“100%以上”のトマトジュース
魅力は、滑ることだけにとどまらない。レストランには10年以上親しまれてきたロングセラーメニューが並び、なかでも「トマトつけ麺」と「スパイシーチキンカレー」が人気だという。


秋から仕込まれる無料の野沢菜漬けも、このスキー場ならでは。開業以来続くサービスだが、特別なきっかけがあったわけではなく、お茶請けを出すような感覚で、自然なおもてなしとして始まったのだそうだ。昨年は2月下旬に売り切れてしまったという、在庫限りの村の味。早めの来場がおすすめだ。
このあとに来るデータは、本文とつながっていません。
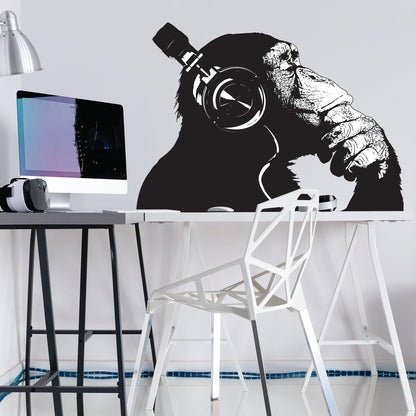 Vinyl Wall Art Decal - Contemplative Chimp Design Wall Sticker
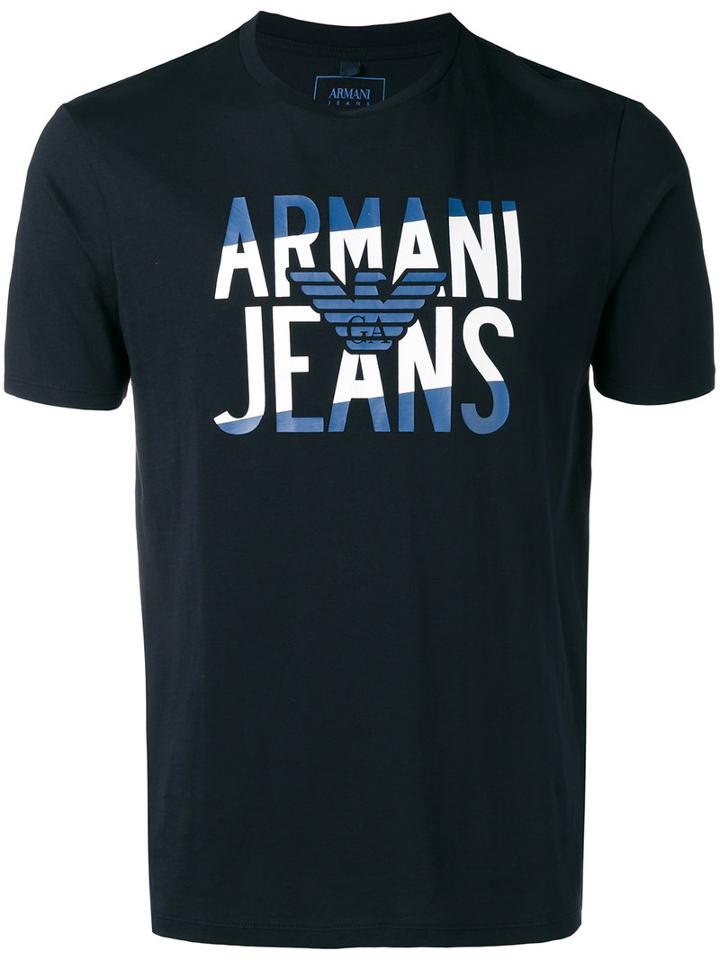 Armani Jeans - Logo Print T-shirt - Men - Cotton - Xxl, Blue, Cotton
トマトつけ麺にも使われている村の特産品「トマトジュース」も、ひと味違う。生産を担うのは一軒の農家。その美味しさの理由は、収穫方法にある。加工用トマトの多くが機械収穫されるなか、ここでは完熟した実だけを手摘み。青い実が混ざらないことで、完熟100%の雑味のない濃厚な味わいに仕上がる。その年の気候によって風味は変わり、今年は「過去最高」の出来だという。
パウダーブームが追い風に
さまざまな取り組みが功を奏し、昨年は来場者数が過去最高を記録した。かつては大手による開発構想が持ち上がったこともあったが、あまりに雪が多く計画は難航。豊富な積雪に恵まれながらも十分に活かされることなく、周辺にスキー場が点在するなかで、長らく空白地帯となっていたエリアでもある。
それがいまでは、その雪と環境を求めて、遠方からも滑り手が訪れる場所へと変わりつつある。泊まり込みでほぼ毎日通う常連さんから、移動中に立ち寄ったという人まで、何人かに話を聞いてみた。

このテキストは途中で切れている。